RASDのサーレク外相。体系立った話し方が印象に残った(8月30日撮影:岩崎有一)

◆西サハラを苦笑いする人びと

西サハラ代表団のTICAD初参加は、意義深いことだったのだろうか。

この会期中、ずっと気になっていたことがある。本連載のはじめに記した、「西サハラ問題はセンシティブだ」との声だ。その後、TICAD会場周辺で西サハラについて交わされる会話の中でも、センシティブという言葉をたびたび耳にしている。メディア関係者からも聞こえた。
関わりかたを問わず、アフリカにある程度深くたずさわった経験があれば、西サハラという名称を知らない人はいない。しかし、公の場でこの言葉を聞くことは、日本では極めて少ない。シンポジウム会場で西サハラの名を挙げた方が、他の登壇者から苦笑いされる光景も目にしたことがある。

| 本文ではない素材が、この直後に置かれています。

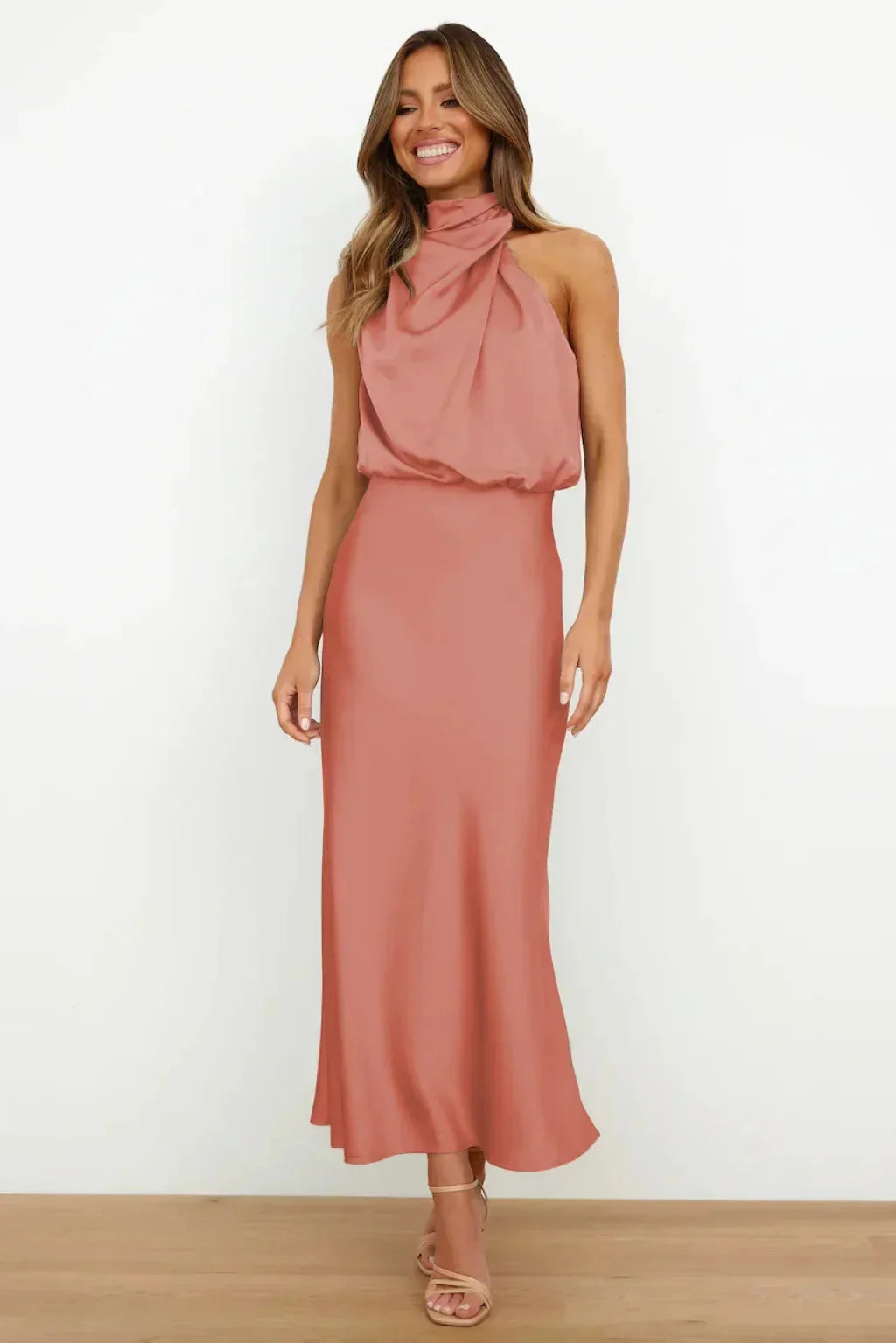 Women's Sleeveless Satin Halter Neck Midi Dress, styled on model, full length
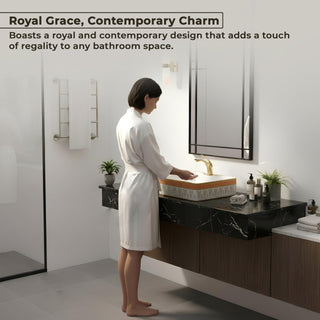 Plantex Ceramic Designer Washbasin for Bathroom/Countertop Basin/Rectangle Tabletop Wash Basin for Restaurant/Hotel (19 x 15 x 5.5 Inch-White & Gold)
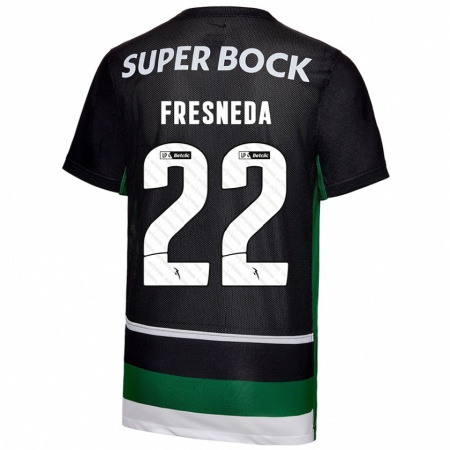 Kandiny Gyermek Iván Fresneda #22 Fekete Fehér Zöld Hazai Jersey 2024/25 Mez Póló Ing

衆目の集まるTICAD7首脳会合開会式では、「すべての参加者に心から感謝いたします」と表明された。一方、事前の閣僚級準備会合では「認めていない実体の参加は、日本の立場に影響を与えない」とし、RASDの存在は明確に否定された。日本政府の戸惑った対応が重ねられた結果、センシティブな問題という反応となり、忖度が生まれた。西サハラを支配するモロッコに多く進出する日本企業の存在もまた、この忖度を助長してきたのだろう。

食糧難や戦乱は命を奪うが、無視という形での存在の否定もまた、命を奪いうる。しかし、今目の前にある存在を、誰も否定することはできない。語ることなくして、西サハラ代表団の参加は、西サハラ問題に対する忖度と無視を打ち破る契機を作った。